I need to remove duplicates from an array of arrays. I can't use Array#uniq because some fields are different and not part of the "key." Here's an example where the first 3 elements of each sub array are the "key" and determine uniqueness. I want to keep only the first one I get.
>> a = [[1, 2, 3, 4, 5], [1, 2, 3, 9, 4], [1, 2, 3, 4, 4]]
=> [[1, 2, 3, 4, 5], [1, 2, 3, 9, 4], [1, 2, 3, 4, 4]]
The return value of deduplicating this array should be: [[1, 2, 3, 4, 5]]
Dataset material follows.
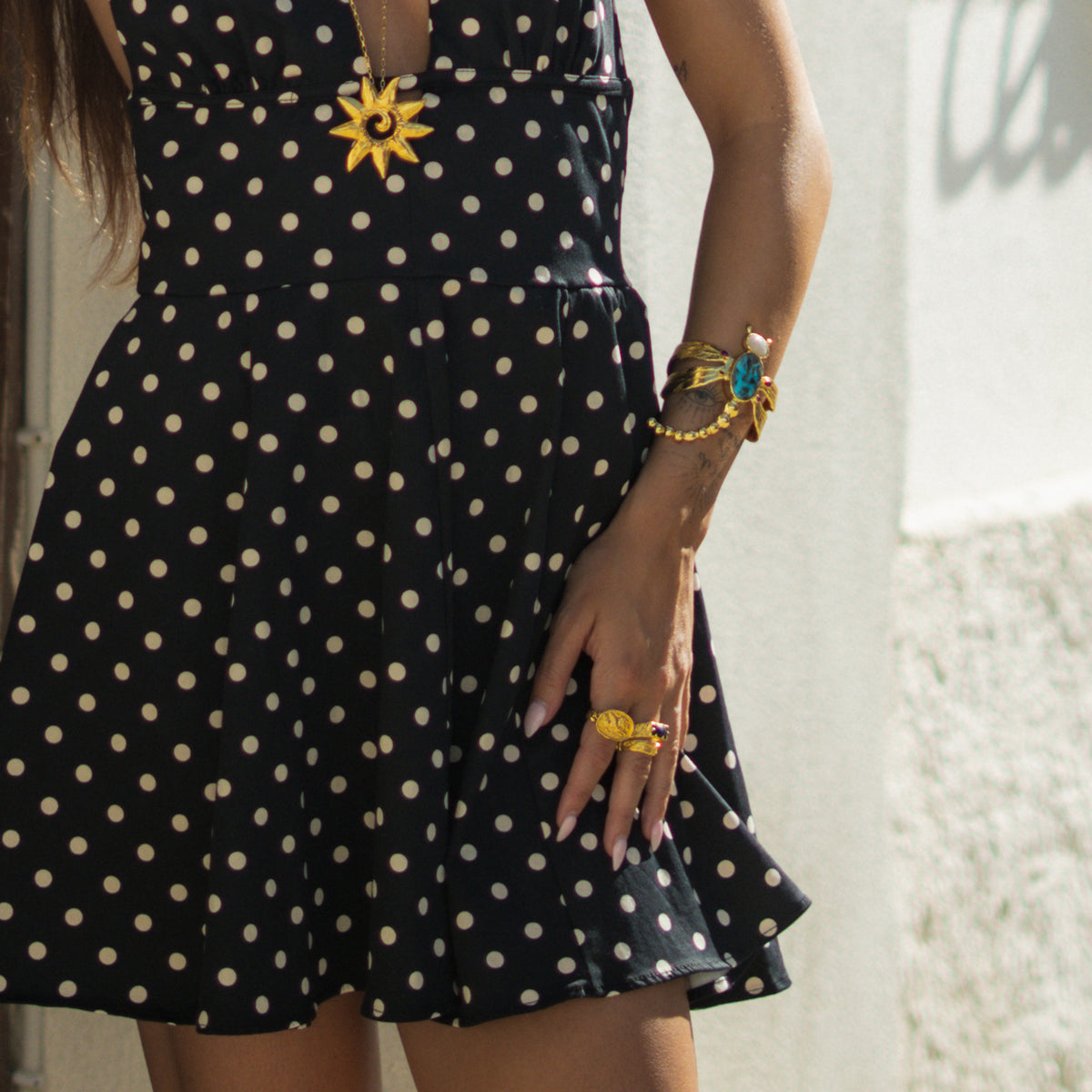 Woman in a polka dot dress wearing the turquoise dragonfly gold cuff with a gold sun pendant necklace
Here is my first attempt at solving the problem:
>> def dedup ary
>> ary.map do |line|
?> dupes = ary.select { |row| row[0..2] == line[0..2] }
?> dupes.first
>> end.uniq
>> end
=> nil
>>
?> dedup a
=> [[1, 2, 3, 4, 5]]
This works. However, it is *super slow* when operating on my dataset. My arrays contain hundreds of thousands of sub arrays. The unique key for each sub array is the first 12 (of 18) elements. It is taking many seconds to produce each intermediate array ("dupes" in the example above), so deduping the entire thing would likely take days.
Anyone have a superior and faster solution?
cr